## Problem details
In the listing below, the lines starting at the line with "Kleiner Crossbody-Rucksack Damen PU braun" and ending at the line with "User demonstrating the" are to be output verbatim. Images stay out of the copy.

## Data for this exercise
--
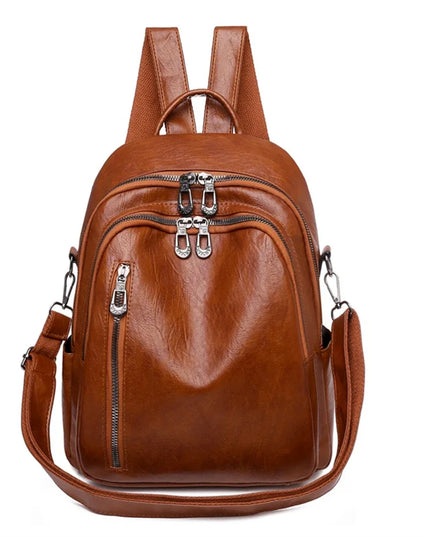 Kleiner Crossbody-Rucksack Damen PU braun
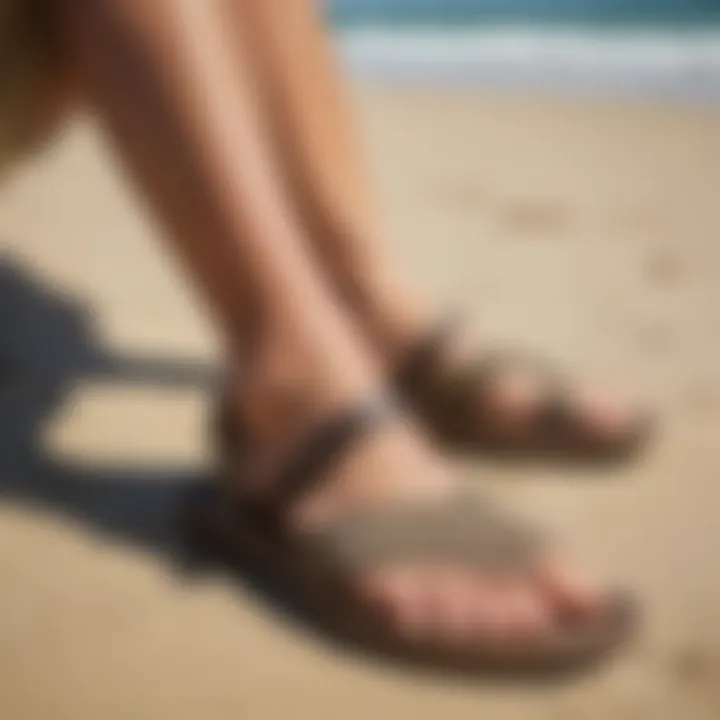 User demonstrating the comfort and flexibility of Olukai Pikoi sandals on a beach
--
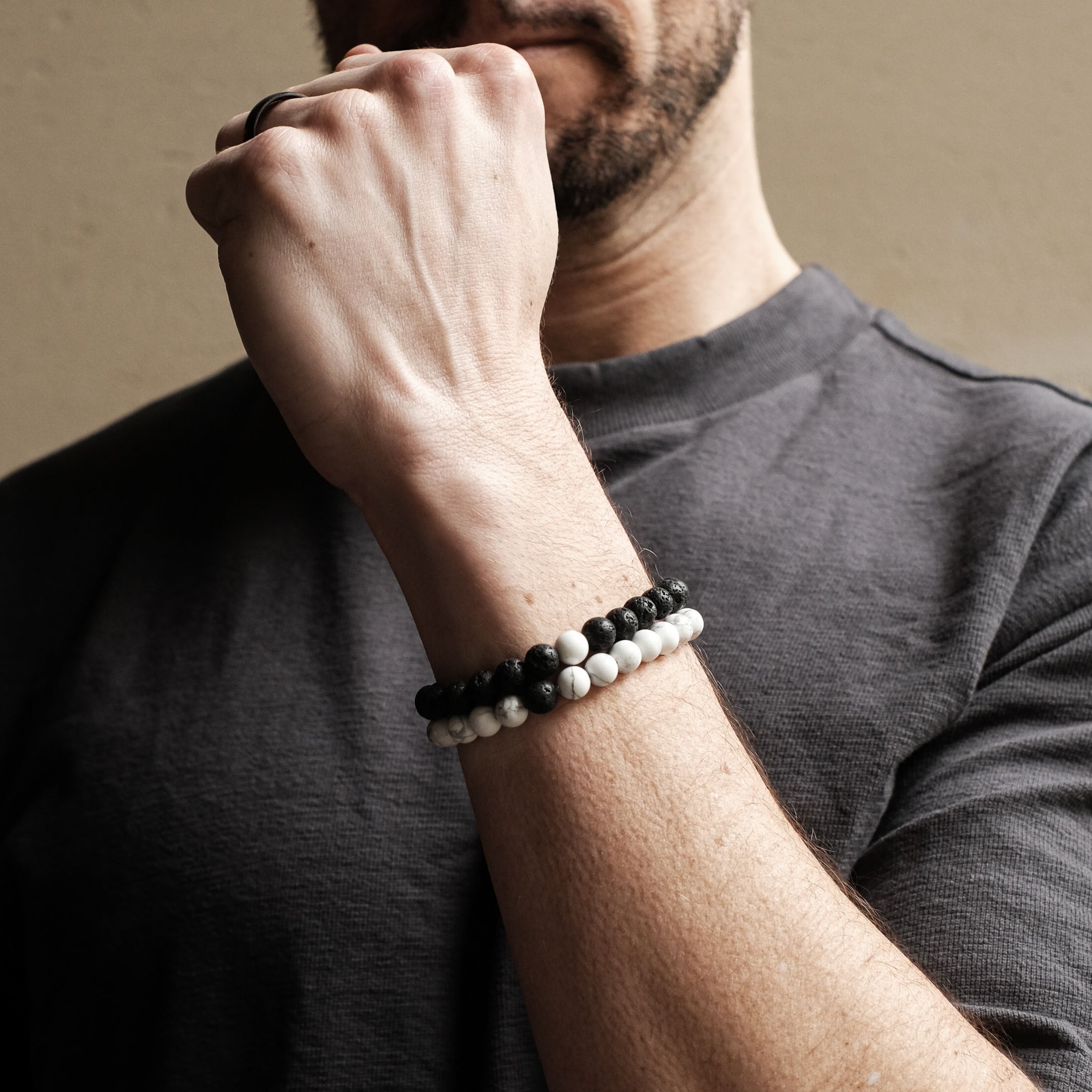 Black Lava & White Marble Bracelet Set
--
## Reply
 Kleiner Crossbody-Rucksack Damen PU braun
 User demonstrating the comfort and flexibility of Olukai Pikoi sandals on a beach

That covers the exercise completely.